Gentzkow and Shapiro suggest you ‘automate everything that can be automated.’ But I’ve tried that, and it’s not always the right thing, so I would nuance this advice a little. There’s an upfront cost to automating, particularly when it comes to outputs like fancy tables and charts. How big is that cost? How many times will you need to do this? Does the eventual labour saved outweigh the cost of automating? To be sure, err on the side of automating – you’ll end up redoing things more than you expect. But some things are just easier to do manually. Case in point: my PhD thesis was around a 4 year process, with numerous edits and rewrites along the way. I invested substantial upfront time in automating things, so that I could press run on my simulations, and wake up the next morning to find PDF charts and LaTeX tables waiting to go. Automation made sense – right up until my examiners wanted small but complicated changes to my final table layout. At that point, with only one iteration left, I abandoned automation. Rather than spend half a day working out how to get my table exporting routines to produce this very particular layout, I just did it by hand, in about half an hour.
Rule for bonus points: learn SQL and the relational model.
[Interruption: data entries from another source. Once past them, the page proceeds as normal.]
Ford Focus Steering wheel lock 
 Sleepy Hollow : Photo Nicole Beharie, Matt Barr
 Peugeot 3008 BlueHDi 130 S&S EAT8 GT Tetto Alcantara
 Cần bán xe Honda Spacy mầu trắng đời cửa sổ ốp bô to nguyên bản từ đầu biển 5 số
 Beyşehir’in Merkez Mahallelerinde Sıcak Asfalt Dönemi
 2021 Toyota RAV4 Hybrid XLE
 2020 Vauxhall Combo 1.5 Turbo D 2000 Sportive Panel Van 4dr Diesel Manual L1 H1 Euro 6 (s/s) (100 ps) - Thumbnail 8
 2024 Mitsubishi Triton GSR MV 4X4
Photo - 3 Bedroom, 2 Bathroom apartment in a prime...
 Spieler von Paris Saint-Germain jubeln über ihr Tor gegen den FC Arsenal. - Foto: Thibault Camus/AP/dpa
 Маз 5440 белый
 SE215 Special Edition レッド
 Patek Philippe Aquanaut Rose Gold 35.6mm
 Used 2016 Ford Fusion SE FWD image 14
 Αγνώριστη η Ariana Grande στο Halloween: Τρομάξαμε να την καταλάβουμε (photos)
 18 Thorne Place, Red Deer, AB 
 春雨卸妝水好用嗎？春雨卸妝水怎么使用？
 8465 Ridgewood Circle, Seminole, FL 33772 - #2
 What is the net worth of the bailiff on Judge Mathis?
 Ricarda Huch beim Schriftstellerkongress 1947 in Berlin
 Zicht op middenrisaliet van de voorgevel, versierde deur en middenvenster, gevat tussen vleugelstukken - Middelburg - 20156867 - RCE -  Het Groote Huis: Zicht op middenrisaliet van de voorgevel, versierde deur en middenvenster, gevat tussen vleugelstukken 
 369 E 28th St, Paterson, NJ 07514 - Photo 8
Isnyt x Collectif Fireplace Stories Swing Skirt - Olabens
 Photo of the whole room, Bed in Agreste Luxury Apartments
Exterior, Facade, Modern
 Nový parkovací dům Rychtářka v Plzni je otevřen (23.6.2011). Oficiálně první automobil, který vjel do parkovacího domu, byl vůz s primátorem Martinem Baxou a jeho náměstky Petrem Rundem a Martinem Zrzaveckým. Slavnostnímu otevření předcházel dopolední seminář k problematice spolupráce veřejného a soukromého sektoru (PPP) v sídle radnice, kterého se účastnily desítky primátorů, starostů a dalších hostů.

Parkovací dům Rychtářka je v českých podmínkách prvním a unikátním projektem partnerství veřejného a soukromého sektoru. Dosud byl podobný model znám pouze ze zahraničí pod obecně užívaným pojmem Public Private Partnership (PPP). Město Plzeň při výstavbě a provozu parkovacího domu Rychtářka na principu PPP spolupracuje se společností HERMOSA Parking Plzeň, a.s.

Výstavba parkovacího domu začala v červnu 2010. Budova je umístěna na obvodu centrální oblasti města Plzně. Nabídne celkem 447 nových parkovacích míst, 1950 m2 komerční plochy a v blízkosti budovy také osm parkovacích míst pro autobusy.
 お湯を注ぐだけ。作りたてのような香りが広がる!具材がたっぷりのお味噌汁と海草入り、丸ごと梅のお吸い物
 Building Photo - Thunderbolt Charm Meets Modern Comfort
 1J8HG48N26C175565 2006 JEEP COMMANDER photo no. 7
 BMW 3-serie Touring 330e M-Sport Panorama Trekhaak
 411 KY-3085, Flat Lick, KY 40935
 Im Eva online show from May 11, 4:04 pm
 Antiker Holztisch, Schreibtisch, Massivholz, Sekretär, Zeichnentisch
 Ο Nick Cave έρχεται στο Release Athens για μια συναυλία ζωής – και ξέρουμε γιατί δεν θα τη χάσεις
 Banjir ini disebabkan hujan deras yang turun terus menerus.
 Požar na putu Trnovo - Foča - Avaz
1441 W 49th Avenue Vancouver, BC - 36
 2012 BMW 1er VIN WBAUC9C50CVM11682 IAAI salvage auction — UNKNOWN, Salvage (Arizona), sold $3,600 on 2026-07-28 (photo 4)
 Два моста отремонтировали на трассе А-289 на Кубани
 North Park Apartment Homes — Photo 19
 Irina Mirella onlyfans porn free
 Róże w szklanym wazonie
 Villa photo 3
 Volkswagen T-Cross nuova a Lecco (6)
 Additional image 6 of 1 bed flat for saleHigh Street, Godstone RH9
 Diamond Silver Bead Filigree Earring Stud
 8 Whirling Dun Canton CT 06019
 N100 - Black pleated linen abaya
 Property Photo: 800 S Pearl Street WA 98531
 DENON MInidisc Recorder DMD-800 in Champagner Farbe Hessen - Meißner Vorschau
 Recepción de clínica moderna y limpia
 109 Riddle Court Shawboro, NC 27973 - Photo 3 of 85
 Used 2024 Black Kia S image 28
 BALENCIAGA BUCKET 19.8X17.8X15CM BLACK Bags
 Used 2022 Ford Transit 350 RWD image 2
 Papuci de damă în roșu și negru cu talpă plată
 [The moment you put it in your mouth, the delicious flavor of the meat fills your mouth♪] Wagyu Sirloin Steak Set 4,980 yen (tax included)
Gentzkow and Shapiro have a nice discussion about why you might want to put your data in more than one table. They offer some useful rules of thumb. But to really understand this stuff, it is worth learning about the relational model, the various normal forms and SQL (‘structured query language’). This is how data is stored in the real world. If you ever have to deal with administrative or customer data, knowing a bit of SQL will pay off handsomely.
It will also add another tool to your repertoire. In several projects recently I have used a data pipeline something like:
Python (web scraping) → SQLite database (cleaning, sorting, summarising) → R (statistical analysis on summarised data)
Relational databases are really incredibly powerful if you know how to use them.
(Postscript: you may have heard about Big Data and NoSQL and Hadoop, and assumed SQL and relational databases are dead. Nothing could be further from the truth: they still rule the world.)